Seth Walder’s piece at NewYorkDailyNews.com, New NCAA rules will require incoming athletes to meet higher academic standards to play a Division I sport in college, sheds light on the positive step the NCAA is making toward increasing eligibility requirements for 2015 incoming freshmen who want to play Division I sports.
The current standards require a graduating senior to carry a minimum GPA of 2.0 or higher, coupled with an SAT score of 1010 and an ACT sum score of 86. Walder reports that the NCAA sliding scale also reports a graduating student with a GPA of 2.5 would need an SAT of 820 or higher and ACT of 68 or higher. As the GPA goes up, the needed score for either test (SAT or ACT) goes down, thus, the term “sliding scale.”
The 2015 guidelines increase that expectation to an SAT score of 1000 or higher for the same 2.5 GPA. ACT scores were not reported in the NY Daily News piece; however, I think it is safe to assume that this will increase proportionately.
With all the publicity given to college athletes being just that, (rather than the preferred student-athlete), the “basket-weaving” course loads they are accused of taking, and poor student-athlete graduation rates at too many universities, it is very good to see the NCAA moving in this direction. In this case, change is good, really good.
I have one more suggestion.
One that will take a concerted effort and change in philosophy by all involved. If we could get high schools, and even junior high schools to increase their academic standards for athletes so as to enhance the chances the student athletes under their direction will be able to meet college Division I standards, get elementary schools to use this as a means to help motivate their pupils to higher levels of classroom performance, and, lastly, get ALL professional sports to adopt a policy where playing professionally is contingent on successful college completion, then we might actually make a difference.

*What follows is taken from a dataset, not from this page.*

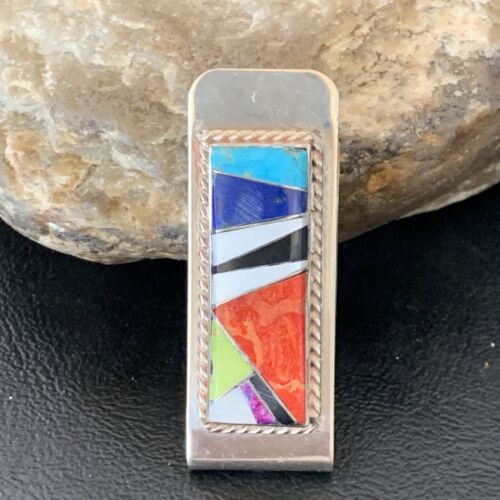 Men's Navajo Turquoise Money Clip | Sterling Silver Inlay | Authentic Native American Handmade | 11729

High academic expectations need to start at a time when youth can be influenced, when behavior can be molded, when the importance of doing well in school is implanted at a young enough age so that it becomes a foundation, a choice by the student themselves.
It is possible. It is just extremely difficult because of all who would have to jump on board the “school is important” train rather than the “money” train young adult athletes seem to grab onto as they all see themselves going “pro.”
However…nothing truly worthwhile was ever easy, now was it?